PROVIDED RECORDS:
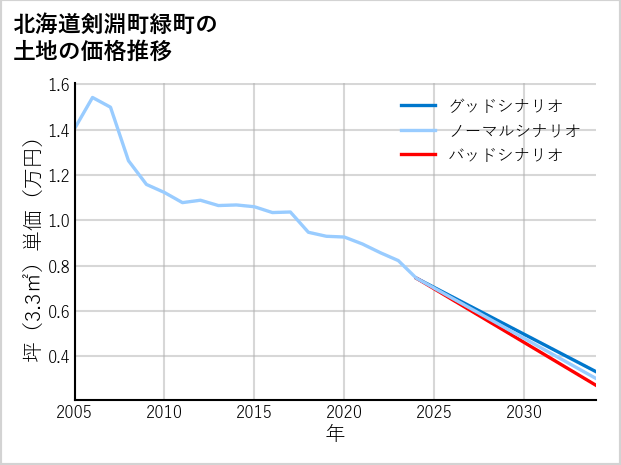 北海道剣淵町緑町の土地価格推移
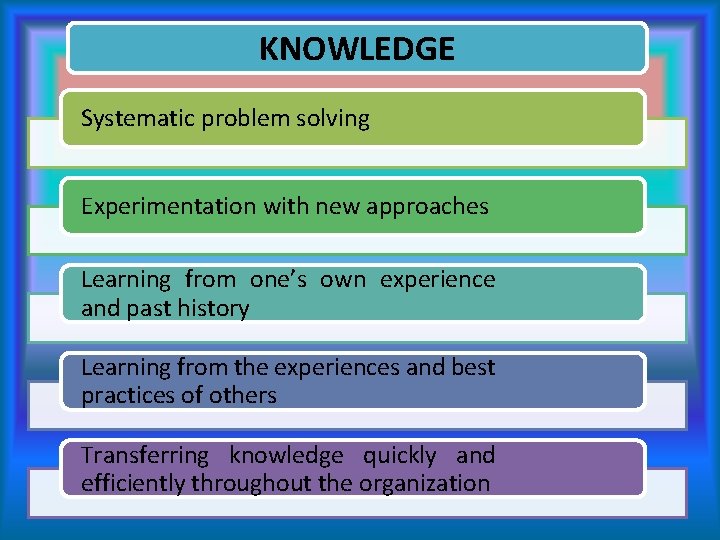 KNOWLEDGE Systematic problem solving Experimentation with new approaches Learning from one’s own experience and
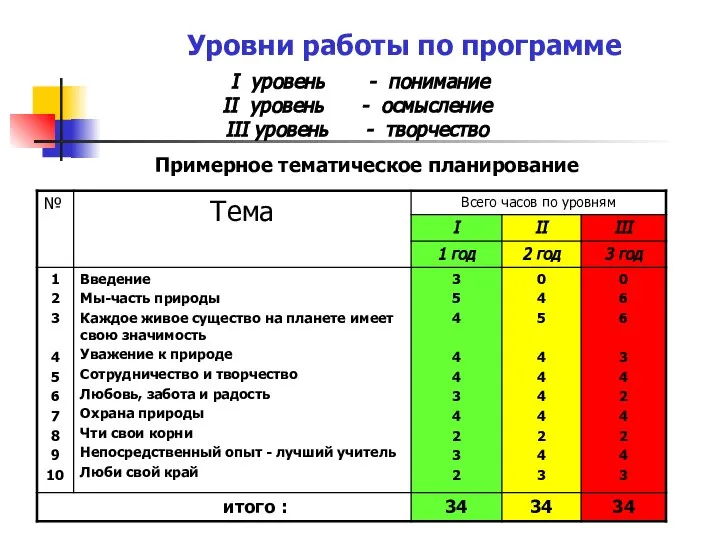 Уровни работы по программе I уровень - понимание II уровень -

--

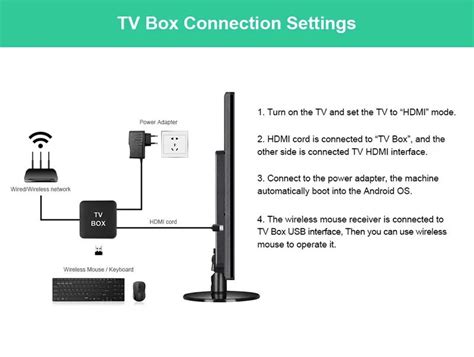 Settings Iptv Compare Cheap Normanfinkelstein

PROBLEM REQUIREMENTS: In the listing above, find the line with "北海道剣淵町緑町の土地価格推移" and the line with "Уровни работы по". Set down exactly those lines and everything between them, skipping pictures.

OUTPUT FOR THIS TASK:
 北海道剣淵町緑町の土地価格推移
 KNOWLEDGE Systematic problem solving Experimentation with new approaches Learning from one’s own experience and
 Уровни работы по программе I уровень - понимание II уровень -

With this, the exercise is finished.